WHAT THE EXERCISE ASKS =>
Repeat the records below exactly from the line containing "提升游戏体验的必备利器图片" to the line containing "Mini 4‑Hole Hydroponic", taking in both of those lines. Drop the pictures.

MATERIAL FOR THIS TASK =>
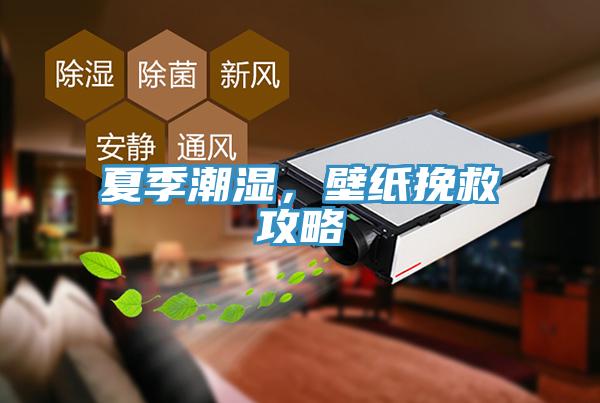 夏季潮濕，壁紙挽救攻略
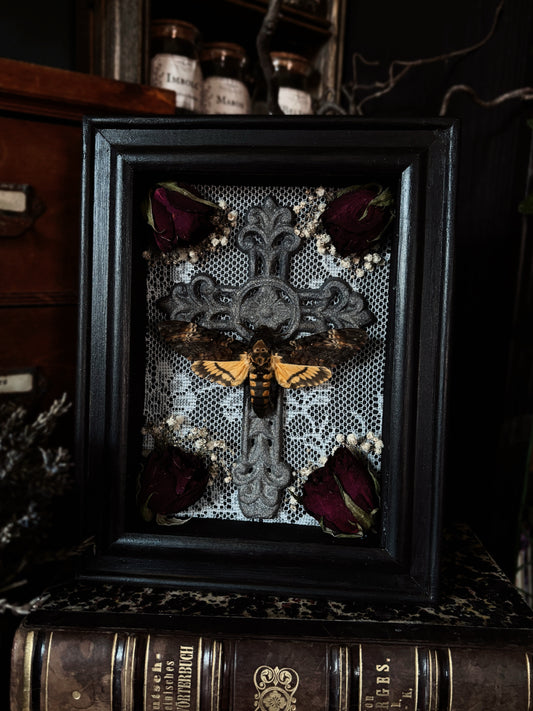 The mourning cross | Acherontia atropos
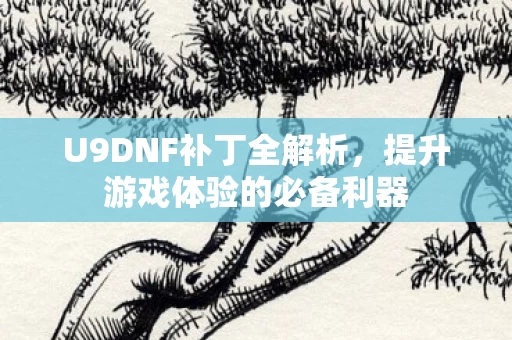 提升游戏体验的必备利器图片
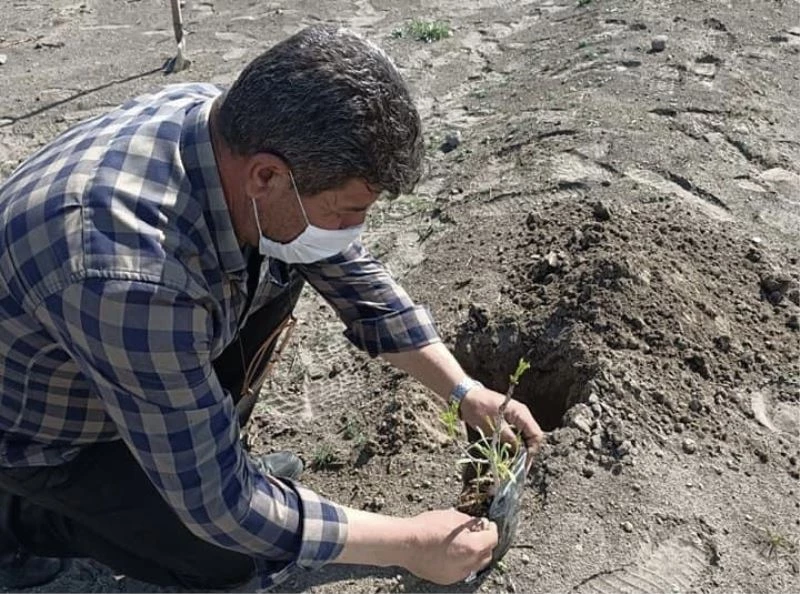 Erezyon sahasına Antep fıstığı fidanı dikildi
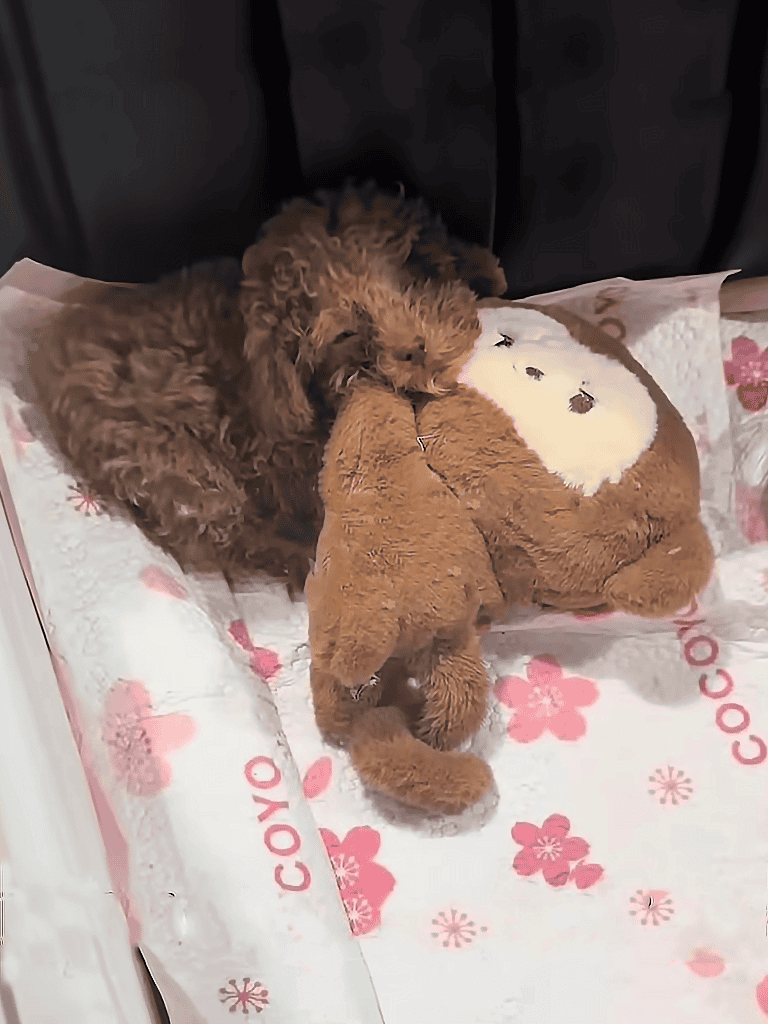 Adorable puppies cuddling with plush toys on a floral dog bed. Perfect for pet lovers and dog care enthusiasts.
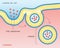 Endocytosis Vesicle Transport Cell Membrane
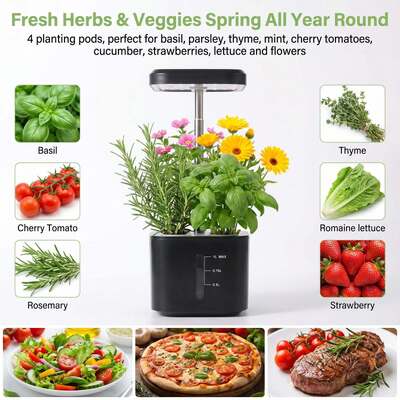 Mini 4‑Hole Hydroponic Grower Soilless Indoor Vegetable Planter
---
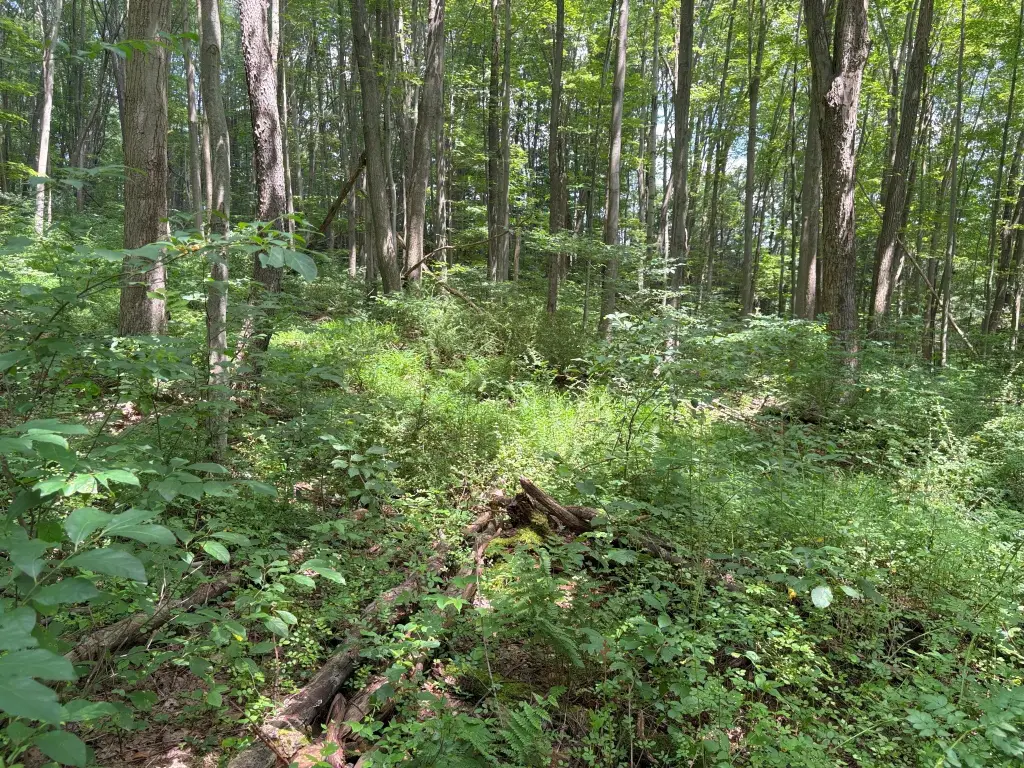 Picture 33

ANSWER BOX =>
 提升游戏体验的必备利器图片
 Erezyon sahasına Antep fıstığı fidanı dikildi
 Adorable puppies cuddling with plush toys on a floral dog bed. Perfect for pet lovers and dog care enthusiasts.
 Endocytosis Vesicle Transport Cell Membrane
 Mini 4‑Hole Hydroponic Grower Soilless Indoor Vegetable Planter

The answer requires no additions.